Task input START

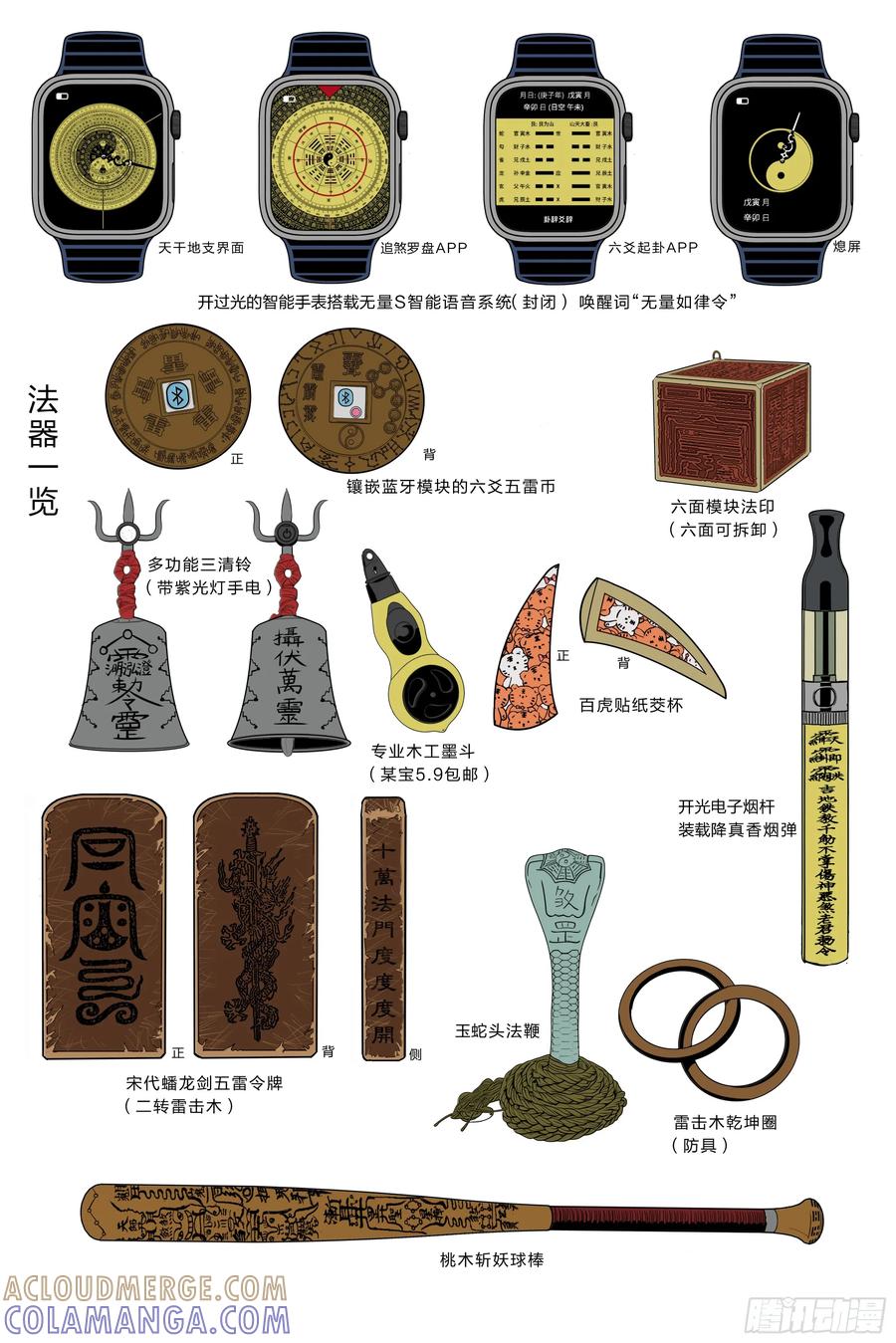 第5页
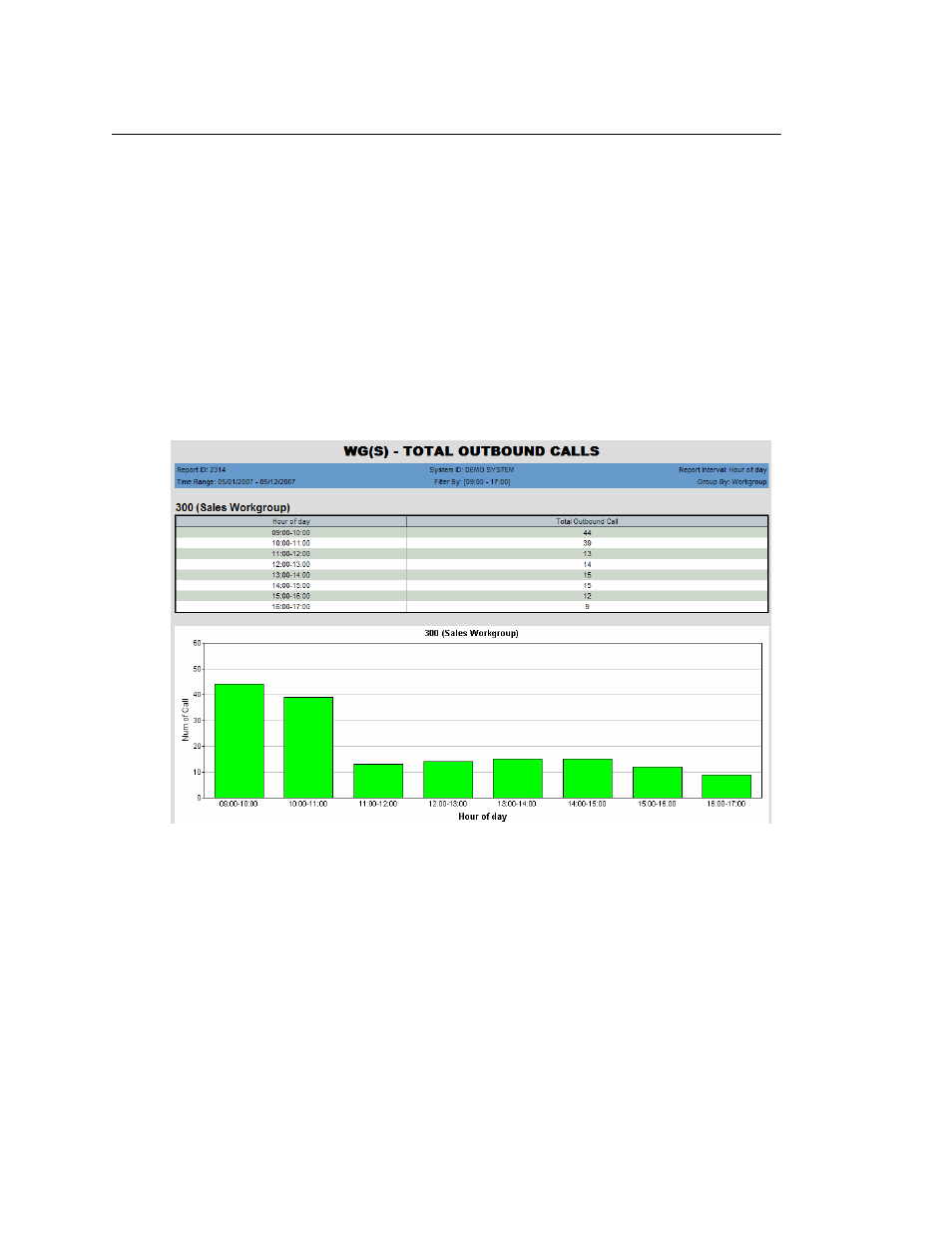 2314 - total outbound calls | AltiGen MAXCS 7.5 AltiReport User Manual | Page 96 / 110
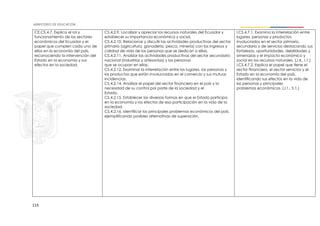115
CE.CS.4.7. Explica el rol y
funcionamiento de los sectores
económicos del Ecuador y el
papel que cumplen cada uno de
ellos en la economía del país,
reconociendo la intervención del
Estado en la economía y sus
efectos en la sociedad.
CS.4.2.9. Localizar y apreciar los recursos naturales del Ecuador y
establecer su importancia económica y social.
CS.4.2.10. Relacionar y discutir las actividades productivas del sector
primario (agricultura, ganadería, pesca, minería) con los ingresos y
calidad de vida de las personas que se dedican a ellas.
CS.4.2.11. Analizar las actividades productivas del sector secundario
nacional (industrias y artesanías) y las personas
que se ocupan en ellas.
CS.4.2.12. Examinar la interrelación entre los lugares, las personas y
los productos que están involucrados en el comercio y sus mutuas
incidencias.
CS.4.2.14. Analizar el papel del sector financiero en el país y la
necesidad de su control por parte de la sociedad y el
Estado.
CS.4.2.15. Establecer las diversas formas en que el Estado participa
en la economía y los efectos de esa participación en la vida de la
sociedad.
CS.4.2.16. Identificar los principales problemas económicos del país,
ejemplificando posibles alternativas de superación.
I.CS.4.7.1. Examina la interrelación entre
lugares, personas y productos
involucrados en el sector primario,
secundario y de servicios destacando sus
fortalezas, oportunidades, debilidades y
amenazas y el impacto económico y
social en los recursos naturales. (J.4., I.1.)
I.CS.4.7.2. Explica el papel que tiene el
sector financiero, el sector servicios y el
Estado en la economía del país,
identificando sus efectos en la vida de
las personas y principales
problemas económicos. (J.1., S.1.)
 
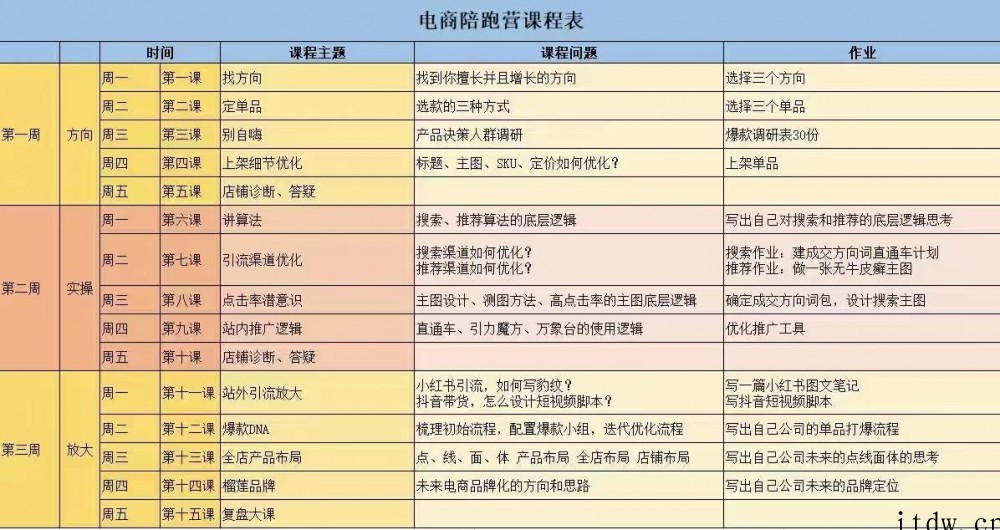 ​贾真·108将电商陪跑营第三期课程学习资源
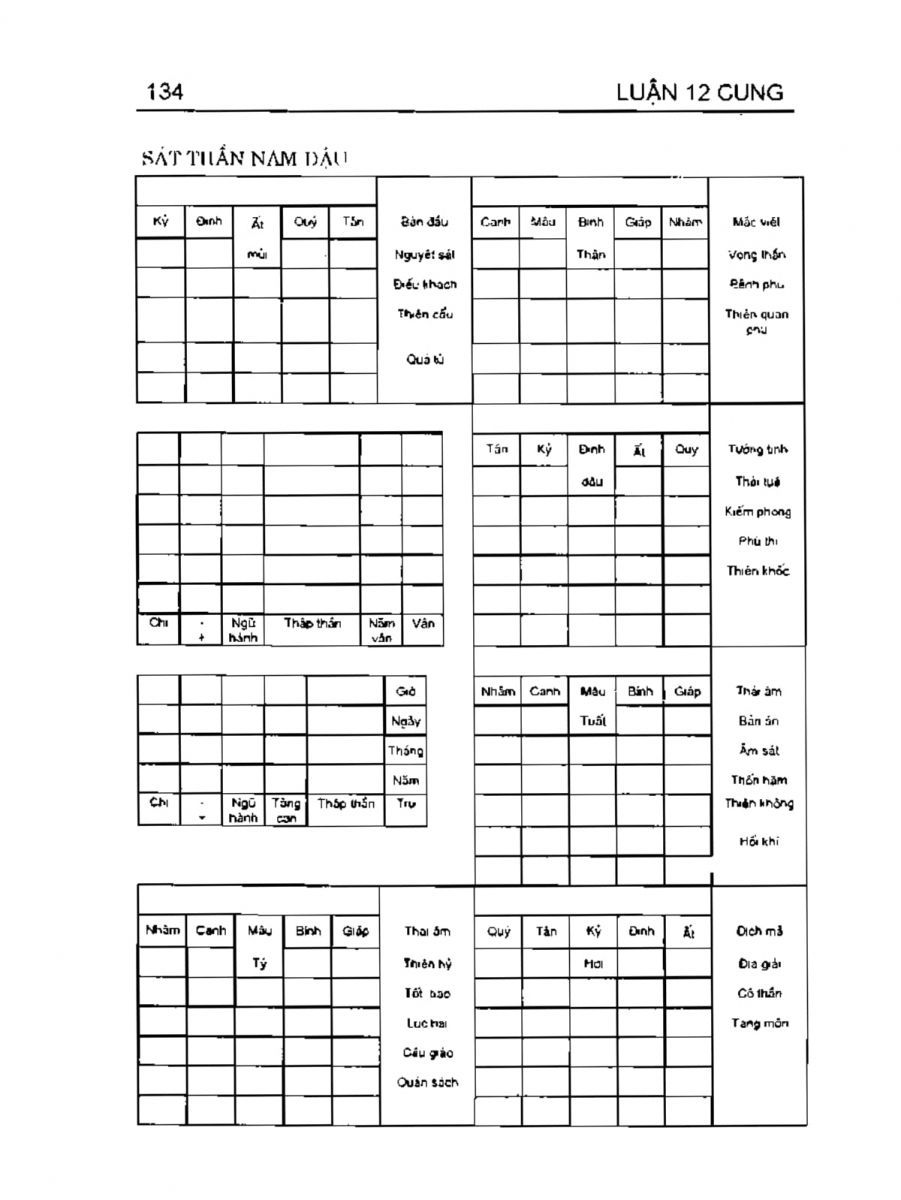 Can Chi Thông Luận - 134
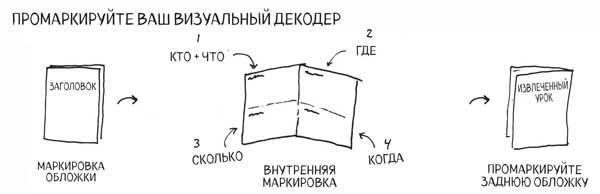 Сокрушительный питч в стиле поп-ап. Экспресс-подход к созданию презентации, которая продает, вдохновляет и поражает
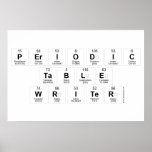 Periodic
 Table
 Writer  Posters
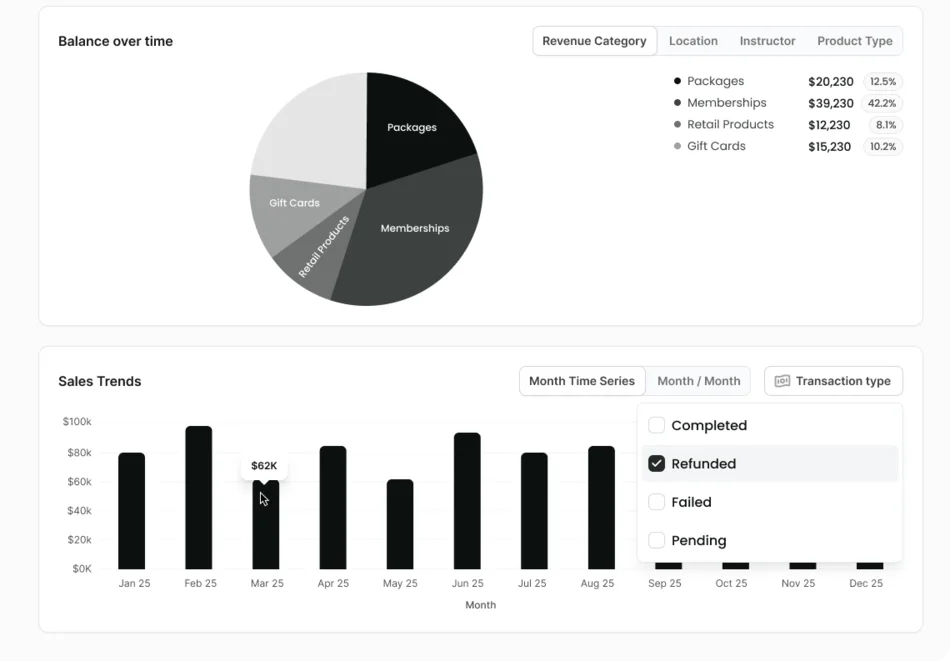 A revenue breakdown chart with tabs for revenue category, location, instructor and product type, above a monthly sales trend with a transaction-type filter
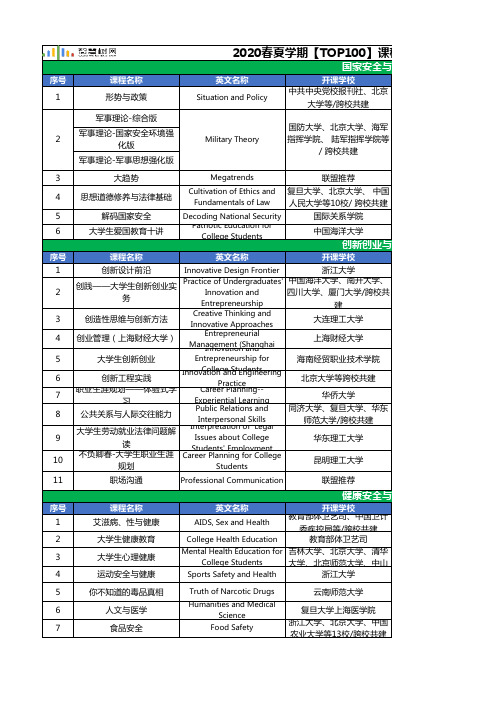 智慧树在线课程清单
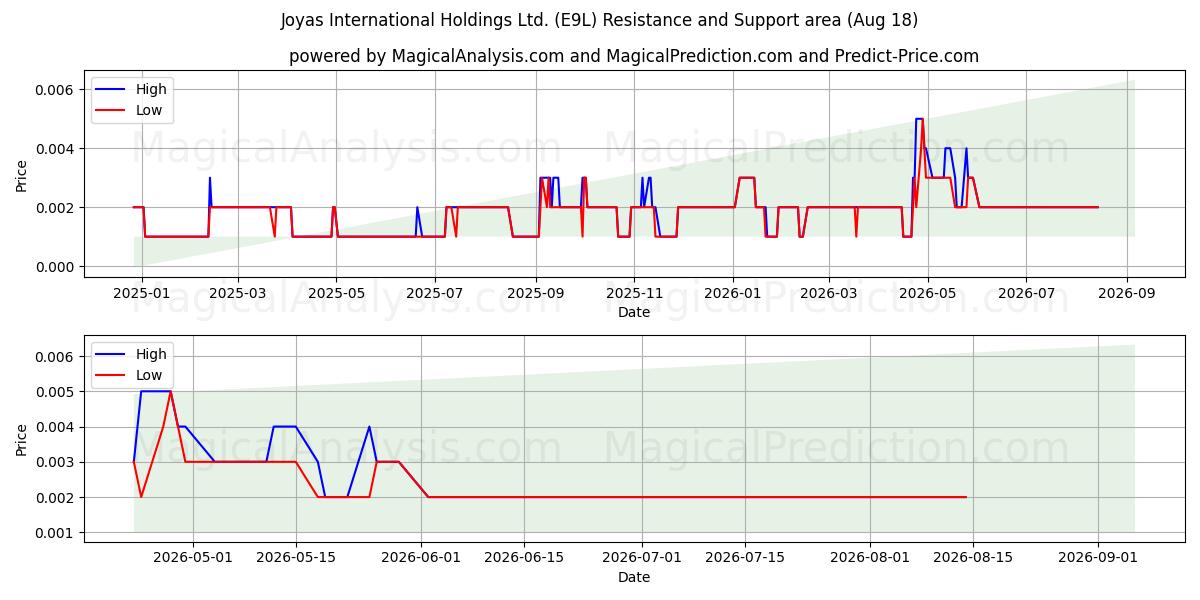  Joyas International Holdings Ltd. (E9L) Support and Resistance area (17 Aug)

Task input END

## Assignment
Only the lines above from the line with "en la economía y los" to the line with "amenazas y el impacto económico y", those two lines included, should be reproduced exactly.

## Solution for this task
en la economía y los efectos de esa participación en la vida de la
sociedad.
CS.4.2.16. Identificar los principales problemas económicos del país,
ejemplificando posibles alternativas de superación.
I.CS.4.7.1. Examina la interrelación entre
lugares, personas y productos
involucrados en el sector primario,
secundario y de servicios destacando sus
fortalezas, oportunidades, debilidades y
amenazas y el impacto económico y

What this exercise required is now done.